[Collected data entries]
--*--
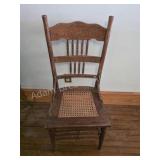 Vintage Carved Cane Seat Chair. Solid oak dining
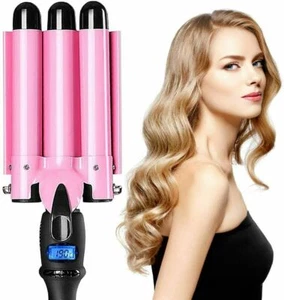 Three Barrel Curling Iron Wand with LCD Temperature Display Ceramic - Foto 1 di 8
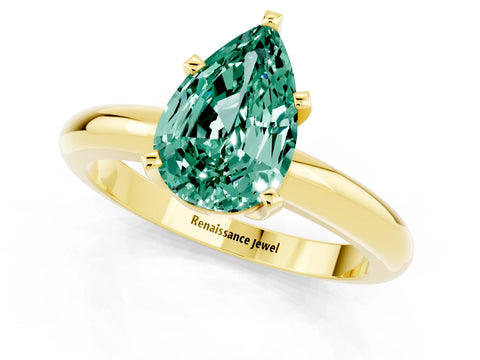 Yellow gold Pear Cut Green Sapphire Solitaire Engagement Ring with Round Band and Four-Prong Setting_1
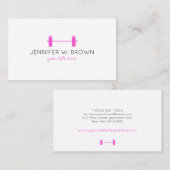 Carte De Visite Instructeur de fitness Pink Dumbell (Devant / Derrière)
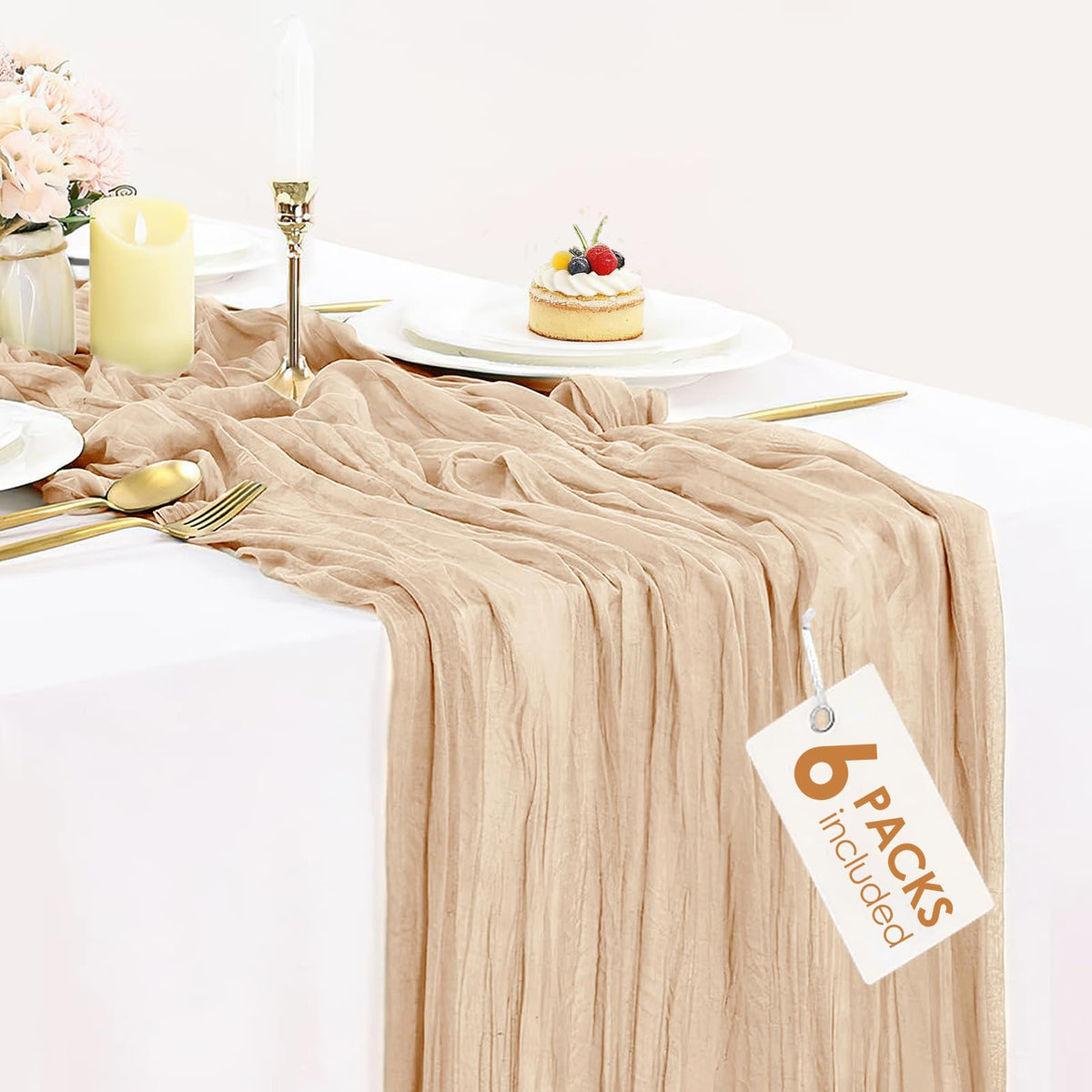 12 Pack Champagne Cheesecloth Table Runner 35x120 Inches, Summer Cheese Cloth Table Runner 10FT Boho Sheer Gauze Runner for Bridal Shower Wedding Baby Shower Party Decor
--*--
Task item> Restate each entry word for word, leaving out any pictures.

Solution to the problem>
 Vintage Carved Cane Seat Chair. Solid oak dining
 Three Barrel Curling Iron Wand with LCD Temperature Display Ceramic - Foto 1 di 8
 Yellow gold Pear Cut Green Sapphire Solitaire Engagement Ring with Round Band and Four-Prong Setting_1
 Carte De Visite Instructeur de fitness Pink Dumbell (Devant / Derrière)
 12 Pack Champagne Cheesecloth Table Runner 35x120 Inches, Summer Cheese Cloth Table Runner 10FT Boho Sheer Gauze Runner for Bridal Shower Wedding Baby Shower Party Decor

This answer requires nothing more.